-- Task description --
Every entry below is to be retyped exactly as it stands.
╭─ Data in this exercise
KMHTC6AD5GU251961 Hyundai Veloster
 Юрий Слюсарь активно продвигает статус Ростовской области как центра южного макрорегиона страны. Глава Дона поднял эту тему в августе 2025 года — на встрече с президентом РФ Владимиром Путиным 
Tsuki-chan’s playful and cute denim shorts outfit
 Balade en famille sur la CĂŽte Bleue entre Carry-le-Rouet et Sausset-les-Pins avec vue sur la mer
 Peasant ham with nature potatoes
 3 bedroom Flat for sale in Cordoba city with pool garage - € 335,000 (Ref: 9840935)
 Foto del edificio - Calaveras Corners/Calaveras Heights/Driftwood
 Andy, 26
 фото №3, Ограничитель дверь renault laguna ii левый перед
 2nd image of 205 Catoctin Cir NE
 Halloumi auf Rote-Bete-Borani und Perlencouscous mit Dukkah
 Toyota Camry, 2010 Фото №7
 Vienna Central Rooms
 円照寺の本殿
╰─
-- Result of this exercise --
KMHTC6AD5GU251961 Hyundai Veloster
 Юрий Слюсарь активно продвигает статус Ростовской области как центра южного макрорегиона страны. Глава Дона поднял эту тему в августе 2025 года — на встрече с президентом РФ Владимиром Путиным 
Tsuki-chan’s playful and cute denim shorts outfit
 Balade en famille sur la CĂŽte Bleue entre Carry-le-Rouet et Sausset-les-Pins avec vue sur la mer
 Peasant ham with nature potatoes
 3 bedroom Flat for sale in Cordoba city with pool garage - € 335,000 (Ref: 9840935)
 Foto del edificio - Calaveras Corners/Calaveras Heights/Driftwood
 Andy, 26
 фото №3, Ограничитель дверь renault laguna ii левый перед
 2nd image of 205 Catoctin Cir NE
 Halloumi auf Rote-Bete-Borani und Perlencouscous mit Dukkah
 Toyota Camry, 2010 Фото №7
 Vienna Central Rooms
 円照寺の本殿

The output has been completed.